--- Dataset ---
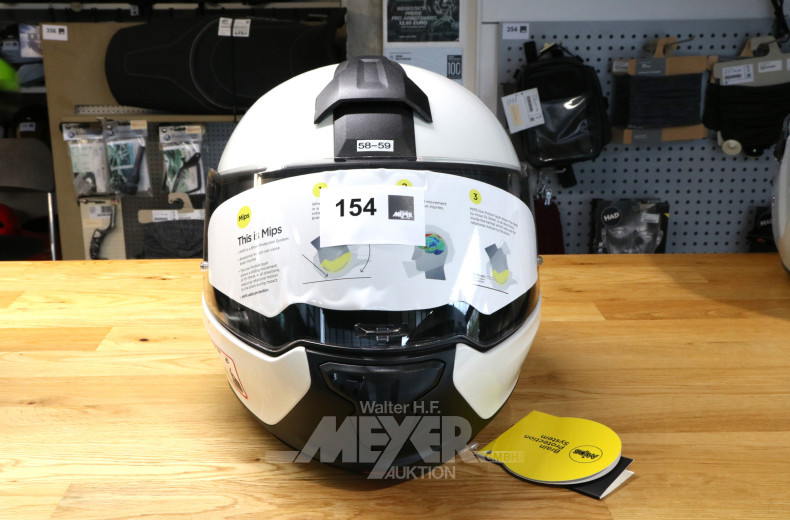 Motorradhelm BMW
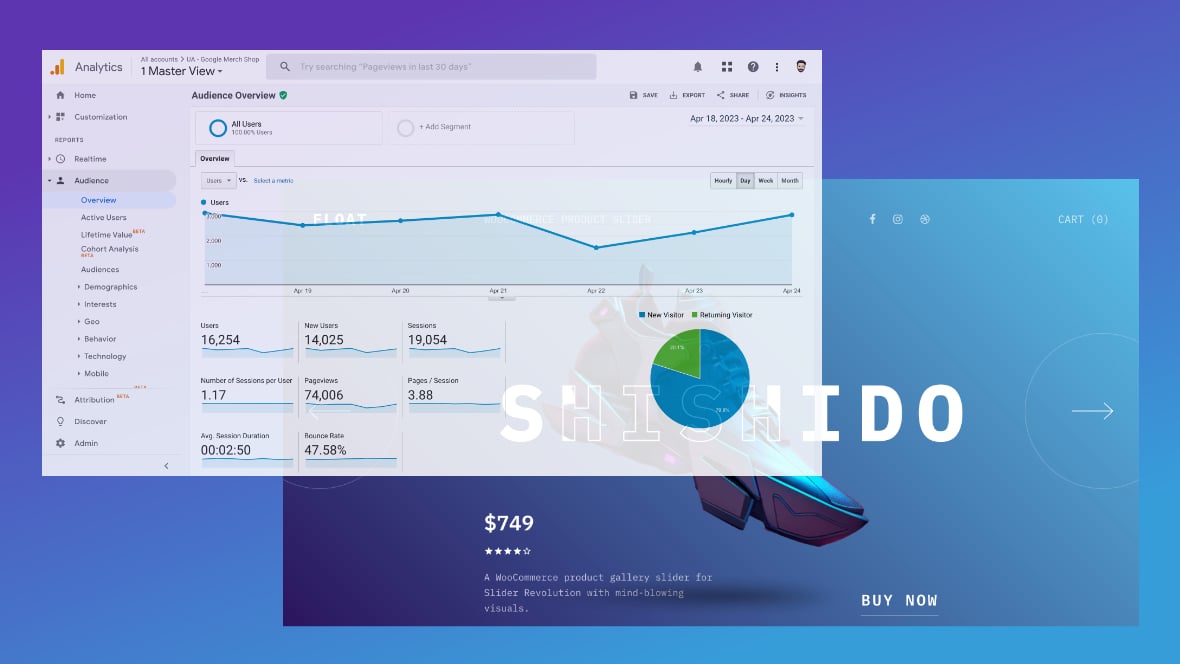 Google Analytics Event Tracking for Slider Revolution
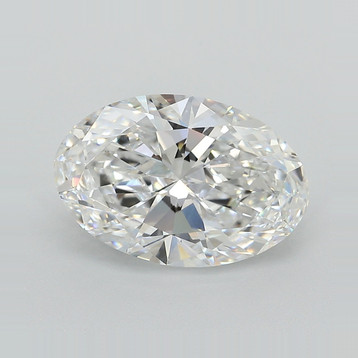 Oval 3.48 D VVS2 - #882051 - Lab Grown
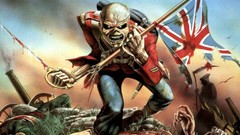 Music Flags United Kingdom iron maiden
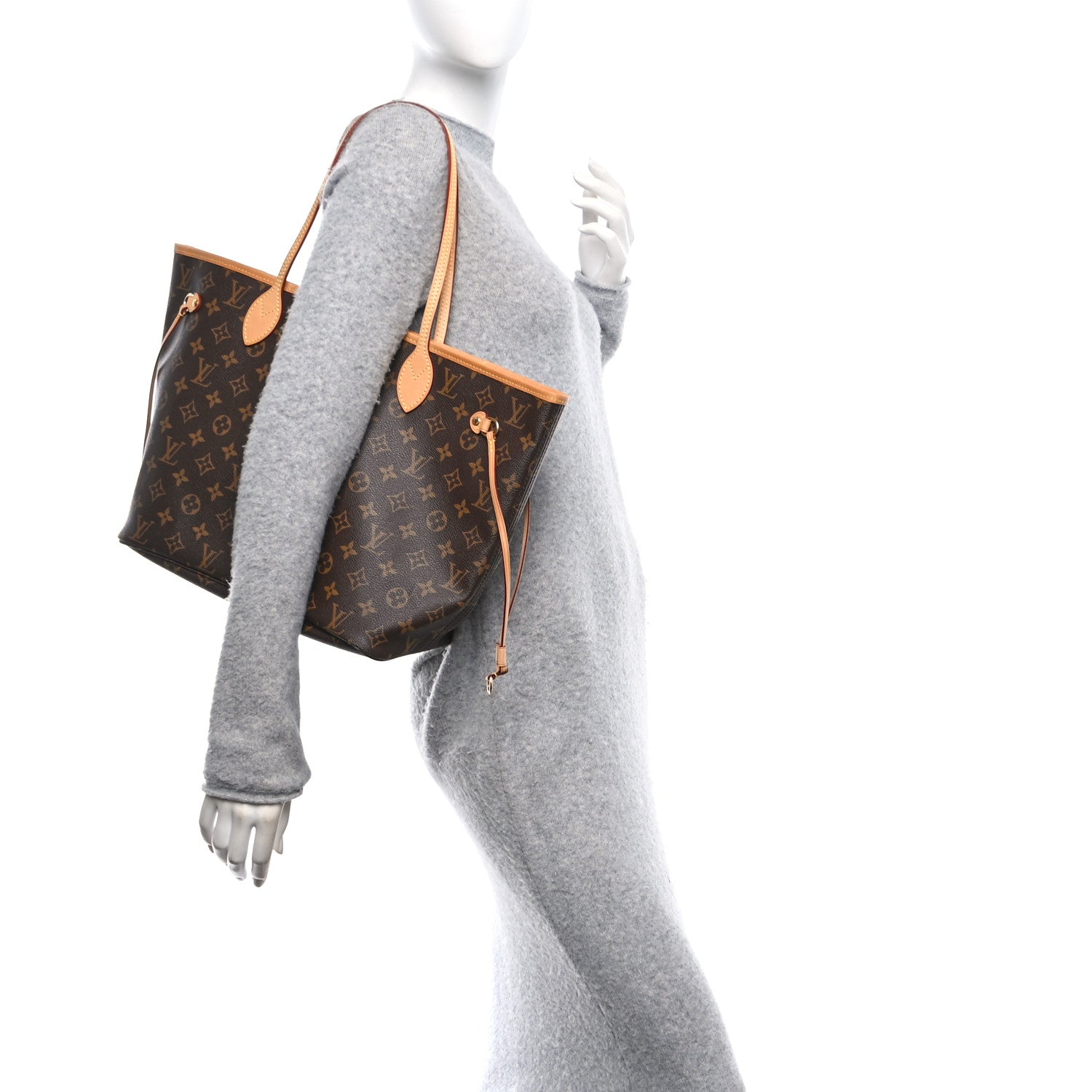 Louis Vuitton Monogram Neo Neverfull MM Pivoine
---
Work order: Print all the entries again exactly as written, but without the pictures.

Solution for this problem:
 Motorradhelm BMW
 Google Analytics Event Tracking for Slider Revolution
 Oval 3.48 D VVS2 - #882051 - Lab Grown
 Music Flags United Kingdom iron maiden
 Louis Vuitton Monogram Neo Neverfull MM Pivoine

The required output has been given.